**Requirement**
Please retype the listing below exactly, from its opening line through the line where "paddleboard AQUA MARINA Fusion 10'10''" appears.

────

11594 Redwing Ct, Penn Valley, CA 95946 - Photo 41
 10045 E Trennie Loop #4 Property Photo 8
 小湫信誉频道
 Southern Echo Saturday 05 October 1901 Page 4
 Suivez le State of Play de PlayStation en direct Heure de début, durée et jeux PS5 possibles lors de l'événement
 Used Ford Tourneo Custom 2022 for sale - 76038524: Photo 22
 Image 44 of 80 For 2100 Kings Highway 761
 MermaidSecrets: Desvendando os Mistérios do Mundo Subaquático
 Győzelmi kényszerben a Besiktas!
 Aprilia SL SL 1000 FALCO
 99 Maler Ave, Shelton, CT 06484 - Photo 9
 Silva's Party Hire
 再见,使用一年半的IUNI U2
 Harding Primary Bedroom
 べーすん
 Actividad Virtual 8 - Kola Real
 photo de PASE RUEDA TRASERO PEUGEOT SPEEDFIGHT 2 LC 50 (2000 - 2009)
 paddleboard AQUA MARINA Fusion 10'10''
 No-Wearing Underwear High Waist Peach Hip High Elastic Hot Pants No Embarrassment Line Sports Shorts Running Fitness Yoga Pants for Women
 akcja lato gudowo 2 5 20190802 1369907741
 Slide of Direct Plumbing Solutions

────

**Result of this exercise**
11594 Redwing Ct, Penn Valley, CA 95946 - Photo 41
 10045 E Trennie Loop #4 Property Photo 8
 小湫信誉频道
 Southern Echo Saturday 05 October 1901 Page 4
 Suivez le State of Play de PlayStation en direct Heure de début, durée et jeux PS5 possibles lors de l'événement
 Used Ford Tourneo Custom 2022 for sale - 76038524: Photo 22
 Image 44 of 80 For 2100 Kings Highway 761
 MermaidSecrets: Desvendando os Mistérios do Mundo Subaquático
 Győzelmi kényszerben a Besiktas!
 Aprilia SL SL 1000 FALCO
 99 Maler Ave, Shelton, CT 06484 - Photo 9
 Silva's Party Hire
 再见,使用一年半的IUNI U2
 Harding Primary Bedroom
 べーすん
 Actividad Virtual 8 - Kola Real
 photo de PASE RUEDA TRASERO PEUGEOT SPEEDFIGHT 2 LC 50 (2000 - 2009)
 paddleboard AQUA MARINA Fusion 10'10''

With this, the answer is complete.